What are some good AI model monitoring tools used in production?

little_birdy23 · on Dec 5, 2023

We found aporia to be really useful for production observability and monitoring. Fits easily with our Vertex infrastructure, but I think they can be deployed all over.

uma08 · on Dec 5, 2023

What's their pricing like? They don't seem to display it on their website

little_birdy23 · on Dec 6, 2023

Yeah, I think you have to reach out to them for that. Depends on your needs, I guess.

verdverm · on Dec 5, 2023

In what sense? logical / input-output monitoring, or cpu/mem/net/usage metrics?

uma08 · on Dec 5, 2023

CPU/GPU/, Memory, multi-cloud, model degradation

verdverm · on Dec 5, 2023

I'd use the same things we use for all the other things we run in the cloud, nothing special about an AI model here. Probably holds true if you think about input/output monitoring too, it's going to be called through an API, and there are plenty of tools for monitoring that as well.
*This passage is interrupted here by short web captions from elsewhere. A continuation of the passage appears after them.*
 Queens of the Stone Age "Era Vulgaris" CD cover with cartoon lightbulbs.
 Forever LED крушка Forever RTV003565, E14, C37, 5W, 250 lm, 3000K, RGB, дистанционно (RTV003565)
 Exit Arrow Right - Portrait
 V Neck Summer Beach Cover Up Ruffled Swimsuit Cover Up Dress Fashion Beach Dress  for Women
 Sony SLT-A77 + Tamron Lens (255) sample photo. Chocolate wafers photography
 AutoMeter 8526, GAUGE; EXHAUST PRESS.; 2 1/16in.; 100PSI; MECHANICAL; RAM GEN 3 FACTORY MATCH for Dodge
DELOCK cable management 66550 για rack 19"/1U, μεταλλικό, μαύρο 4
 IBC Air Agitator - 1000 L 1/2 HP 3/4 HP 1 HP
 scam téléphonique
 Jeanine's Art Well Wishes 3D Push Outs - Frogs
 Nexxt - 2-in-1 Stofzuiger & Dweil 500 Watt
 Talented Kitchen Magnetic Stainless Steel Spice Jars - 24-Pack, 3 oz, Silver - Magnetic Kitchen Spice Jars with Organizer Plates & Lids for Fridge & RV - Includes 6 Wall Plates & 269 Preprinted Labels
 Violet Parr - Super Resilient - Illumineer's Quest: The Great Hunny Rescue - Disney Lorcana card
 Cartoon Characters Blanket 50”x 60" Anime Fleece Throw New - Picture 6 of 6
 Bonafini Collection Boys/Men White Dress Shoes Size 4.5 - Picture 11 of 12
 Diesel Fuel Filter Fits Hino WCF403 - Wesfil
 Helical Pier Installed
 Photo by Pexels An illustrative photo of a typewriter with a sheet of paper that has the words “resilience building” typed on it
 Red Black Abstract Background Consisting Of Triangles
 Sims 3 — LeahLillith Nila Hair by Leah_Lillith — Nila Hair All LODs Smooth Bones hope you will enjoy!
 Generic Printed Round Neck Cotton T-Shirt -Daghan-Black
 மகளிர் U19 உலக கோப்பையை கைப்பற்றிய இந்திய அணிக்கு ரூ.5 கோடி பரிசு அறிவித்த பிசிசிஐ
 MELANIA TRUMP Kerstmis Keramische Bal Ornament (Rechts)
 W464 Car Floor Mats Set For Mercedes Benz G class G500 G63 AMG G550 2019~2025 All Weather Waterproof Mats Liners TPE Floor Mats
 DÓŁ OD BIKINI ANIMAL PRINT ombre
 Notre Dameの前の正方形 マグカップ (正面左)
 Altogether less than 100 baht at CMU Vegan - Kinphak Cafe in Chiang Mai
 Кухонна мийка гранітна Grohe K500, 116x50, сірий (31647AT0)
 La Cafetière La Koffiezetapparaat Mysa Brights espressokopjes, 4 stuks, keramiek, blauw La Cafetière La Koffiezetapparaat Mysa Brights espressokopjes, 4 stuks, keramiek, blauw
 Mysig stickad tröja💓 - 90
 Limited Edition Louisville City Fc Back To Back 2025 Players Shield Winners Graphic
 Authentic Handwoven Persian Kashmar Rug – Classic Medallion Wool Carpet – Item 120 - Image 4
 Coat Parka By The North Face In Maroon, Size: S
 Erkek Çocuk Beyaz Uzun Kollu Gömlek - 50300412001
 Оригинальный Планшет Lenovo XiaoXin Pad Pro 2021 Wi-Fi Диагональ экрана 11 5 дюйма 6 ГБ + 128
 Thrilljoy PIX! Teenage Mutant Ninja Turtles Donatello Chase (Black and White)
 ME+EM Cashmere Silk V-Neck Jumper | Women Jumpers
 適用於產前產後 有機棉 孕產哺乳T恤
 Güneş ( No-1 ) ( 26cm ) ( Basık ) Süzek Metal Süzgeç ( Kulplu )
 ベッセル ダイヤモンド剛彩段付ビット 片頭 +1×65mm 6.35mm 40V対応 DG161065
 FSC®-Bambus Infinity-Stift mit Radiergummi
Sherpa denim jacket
Ideally your cloud provider has an easy to use solution. If not, there are monitoring services you can pay for as well. Running the open source alternatives takes some expertise.

uma08 · on Dec 5, 2023

Help me understand this, I'm not sure aws, gcp or azure offer analytics around models degrading over time though? How can I track the drop in accuracy levels or problems of overfitting in prod?

verdverm · on Dec 5, 2023

That is more the API testing level, it's an application logic thing. In theory, you can output the values of interest into the logs and use log analysis. Or you could expose them as metrics like other values with https://openmetrics.io/